Procès Bygmalion/FTV: les avocats du SNPCA-CGC vs FTV.

Ce qui s'est passé en début d'après-midi devant la 32ème chambre correctionnelle du TGI de Paris est assez inhabituel. (C'est un moindre mot) 

A Maître Michel Pitron, l'avocat intervenant pour France Télévisions qui évoquait ainsi les trois syndicats parties civiles (SNPA-CGC, CFDT et SNJ) "de l'autre côté de la barre", la présidente a du tribunal a lancé "Maître, n'êtes-vous pas du même coté de la barre? " 

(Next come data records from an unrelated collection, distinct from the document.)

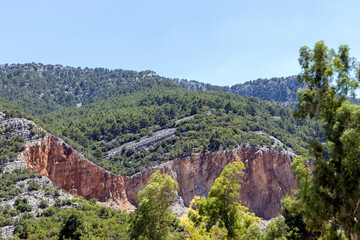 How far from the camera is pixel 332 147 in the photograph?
11.0 meters

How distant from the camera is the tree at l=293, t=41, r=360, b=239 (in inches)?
410

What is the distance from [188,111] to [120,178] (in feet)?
101

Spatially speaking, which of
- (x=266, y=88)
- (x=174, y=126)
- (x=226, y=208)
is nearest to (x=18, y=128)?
(x=174, y=126)

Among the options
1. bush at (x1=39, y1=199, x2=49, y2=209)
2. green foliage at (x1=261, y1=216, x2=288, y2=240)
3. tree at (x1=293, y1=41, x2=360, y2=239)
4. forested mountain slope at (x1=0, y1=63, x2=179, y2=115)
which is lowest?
bush at (x1=39, y1=199, x2=49, y2=209)

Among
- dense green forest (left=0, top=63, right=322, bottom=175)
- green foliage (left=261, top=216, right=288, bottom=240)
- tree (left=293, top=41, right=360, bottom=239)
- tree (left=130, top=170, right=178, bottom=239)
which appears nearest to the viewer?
tree (left=293, top=41, right=360, bottom=239)

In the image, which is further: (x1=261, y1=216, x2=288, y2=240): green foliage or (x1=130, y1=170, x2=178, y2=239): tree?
(x1=261, y1=216, x2=288, y2=240): green foliage

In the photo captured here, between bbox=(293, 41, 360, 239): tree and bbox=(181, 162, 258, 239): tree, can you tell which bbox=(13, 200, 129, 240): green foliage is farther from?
bbox=(293, 41, 360, 239): tree

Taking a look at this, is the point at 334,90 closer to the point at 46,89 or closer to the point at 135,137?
the point at 135,137

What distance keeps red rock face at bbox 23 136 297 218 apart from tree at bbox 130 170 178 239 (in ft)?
138

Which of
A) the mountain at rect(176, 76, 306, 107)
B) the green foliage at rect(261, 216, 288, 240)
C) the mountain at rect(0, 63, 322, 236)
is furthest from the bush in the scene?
the mountain at rect(176, 76, 306, 107)

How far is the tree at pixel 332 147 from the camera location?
10.4 metres

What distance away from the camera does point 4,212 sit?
37031 millimetres

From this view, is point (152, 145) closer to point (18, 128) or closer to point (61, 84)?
point (18, 128)

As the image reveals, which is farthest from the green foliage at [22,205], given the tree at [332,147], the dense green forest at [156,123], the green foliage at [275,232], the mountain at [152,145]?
the tree at [332,147] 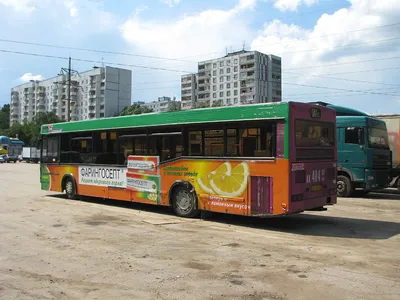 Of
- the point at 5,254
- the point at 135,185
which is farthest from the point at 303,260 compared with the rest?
the point at 135,185

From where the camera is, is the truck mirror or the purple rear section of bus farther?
the truck mirror

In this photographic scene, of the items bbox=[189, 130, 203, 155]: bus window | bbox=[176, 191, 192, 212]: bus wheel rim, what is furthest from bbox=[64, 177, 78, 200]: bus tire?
bbox=[189, 130, 203, 155]: bus window

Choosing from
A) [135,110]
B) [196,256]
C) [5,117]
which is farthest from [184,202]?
[5,117]

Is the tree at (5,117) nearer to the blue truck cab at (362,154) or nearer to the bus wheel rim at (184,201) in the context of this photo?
the blue truck cab at (362,154)

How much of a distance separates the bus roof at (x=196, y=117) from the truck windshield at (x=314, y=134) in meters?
0.61

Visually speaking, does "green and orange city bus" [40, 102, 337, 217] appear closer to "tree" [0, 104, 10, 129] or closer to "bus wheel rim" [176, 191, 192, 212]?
"bus wheel rim" [176, 191, 192, 212]

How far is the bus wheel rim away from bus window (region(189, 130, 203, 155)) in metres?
1.16

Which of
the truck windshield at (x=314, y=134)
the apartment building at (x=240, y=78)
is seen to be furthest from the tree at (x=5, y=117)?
the truck windshield at (x=314, y=134)

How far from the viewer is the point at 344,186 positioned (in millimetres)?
15414

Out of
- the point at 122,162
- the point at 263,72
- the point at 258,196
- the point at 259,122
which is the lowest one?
the point at 258,196

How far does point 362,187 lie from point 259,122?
8208 mm

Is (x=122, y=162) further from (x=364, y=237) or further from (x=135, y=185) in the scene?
(x=364, y=237)

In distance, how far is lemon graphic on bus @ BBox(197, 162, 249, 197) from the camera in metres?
9.20

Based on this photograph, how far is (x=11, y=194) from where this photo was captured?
16.3 m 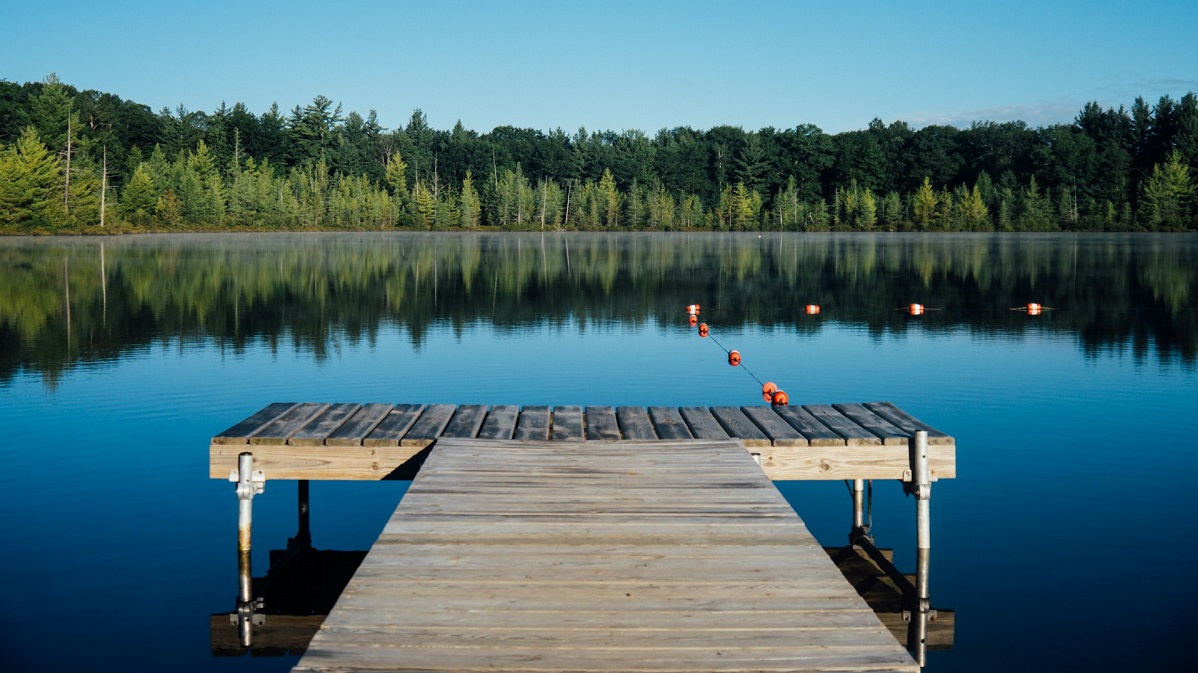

Maria Cornaz l'avocate du SNPCA-CGC partie civile, elle, a tout d’abord démontré que les deux critères qui consacrent le délit de favoritisme étaient bien totalement réunis.

Élément matériel et élément intentionnel caractérisés, a-t-elle brillamment plaidé rappelant encore et toujours qu'aucune mise en concurrence - contestée par personne du reste - n'avait été réalisée.

Elle a rappelé qu’aucune règle des trois devis n’existait contrairement aux allégations des prévenus et que de toutes façons, « il n’y avait eu en l’état, ni trois devis, ni deux devis, ni un devis et d'ailleurs aucune mise en concurrence du tout »  de 2008 à 2013 alors que les textes étaient pourtant entrés en vigueur en juin 2005. 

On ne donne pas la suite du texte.